I’m still capable of doing all the things I used to, just slower. Frankly, it’s not the end of the world, I’d even say it’s a better way to live and definitely in keeping with our tagline “Living Life in the Slow Lane”.
From a lifestyle point of view, there are many other things I’ve had to change, but the bacon and egg are staying and it’s not up for debate.
I’m not going to offer any lifestyle advice because I’m not the best ambassador for change, instead here are some great resources about “Living with Heart Failure”
What Does it Mean for The Bimblers?
When we came up with the name for the blog, it was supposed to describe the way we travel with me pushing Bridget in her wheelchair. As you know, bimbling means:
Travelling slowly, aimlessly and without purpose
How ironic then that it’s become the only way we can travel.

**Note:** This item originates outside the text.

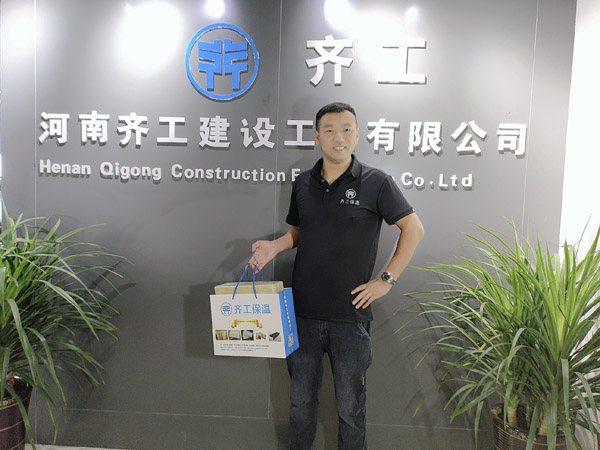 保溫巖棉板材料該如何進(jìn)行選擇?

Rest assured, we will continue to travel and we will continue to champion accessible tourism.
It’s a true saying, “out of every adversity come’s a seed of opportunity” and for me, this means we now have a whole new audience to help.
That’s not to say we don’t already attract travellers with heart problems, it just means we’re now more appreciative of the difficulties they face.
So, I Have Been Diagnosed with Heart Failure
In all honesty, it’s not the end of the world. I can’t afford to wallow in self-pity, this body of mine owes me nothing and ironically, it’s given me a different outlook on life.
I’m in no doubt, a diagnosis of Heart Failure is serious. It’s a long-term chronic illness, it’s not curable and it’s life-changing. I refuse to give up, I know it’s not that easy for everyone, but my new life mantra is “while I still can, I will” and I fully intend to live by it.